Euro rates edge lower; ECB repayment looms

LONDON (BestGrowthStock) – Benchmark euro interbank lending rates nudged lower on Friday with the abundance of liquidity in the banking system expected to remain in place even after a large repayment is due to the European Central Bank next week.

The market will get its first indication next week of how much liquidity will be in the banking system early next year, and therefore what level money market rates might be at.

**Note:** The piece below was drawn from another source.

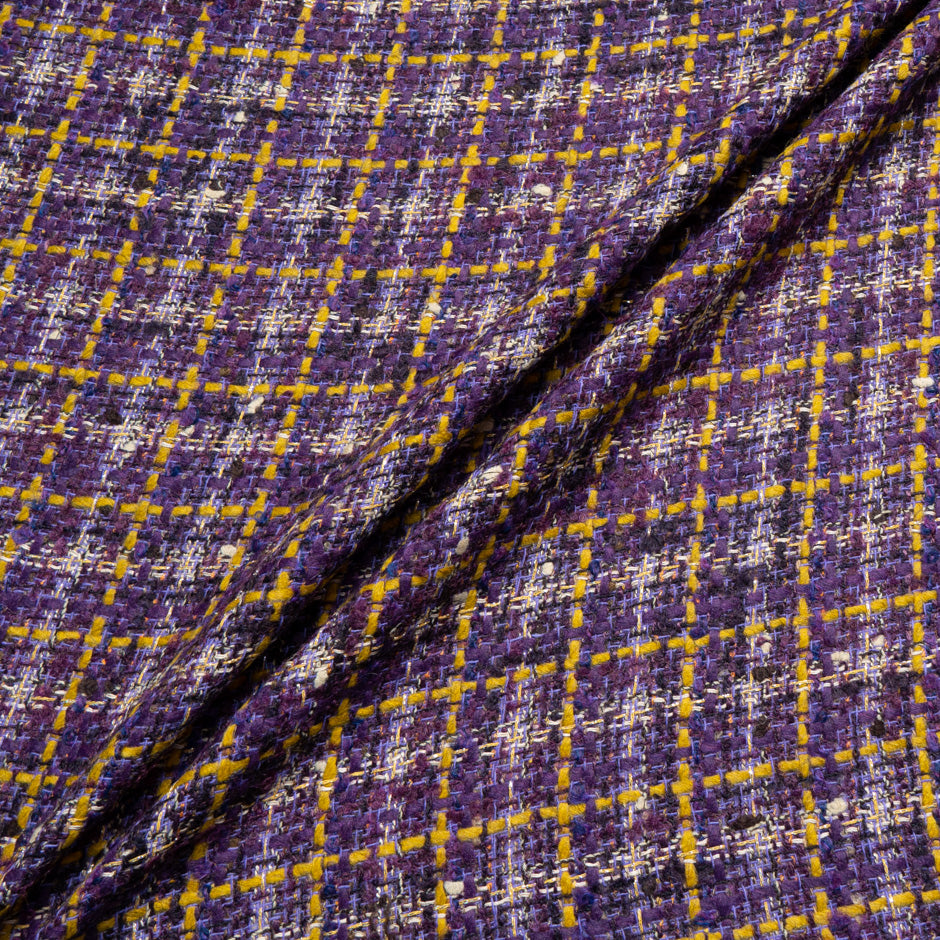 Yellow & Purple Checkered Cotton Blend Bouclé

Over 200 billion euros of 3- and 12-month funds expire on Thursday, with banks having the opportunity to roll the cash in to shorter-dated maturities, namely a three-month operation and a one-off 13-day tender that will cover the year-end period.

“Given that market liquidity will be very difficult (with year-end), many banks will simply roll their maturities,” said Commerzbank rate strategist Christoph Rieger.

“But more importantly will be January when the bridge tender falls due…and then there is a risk we may see more of a drain than the market is expecting.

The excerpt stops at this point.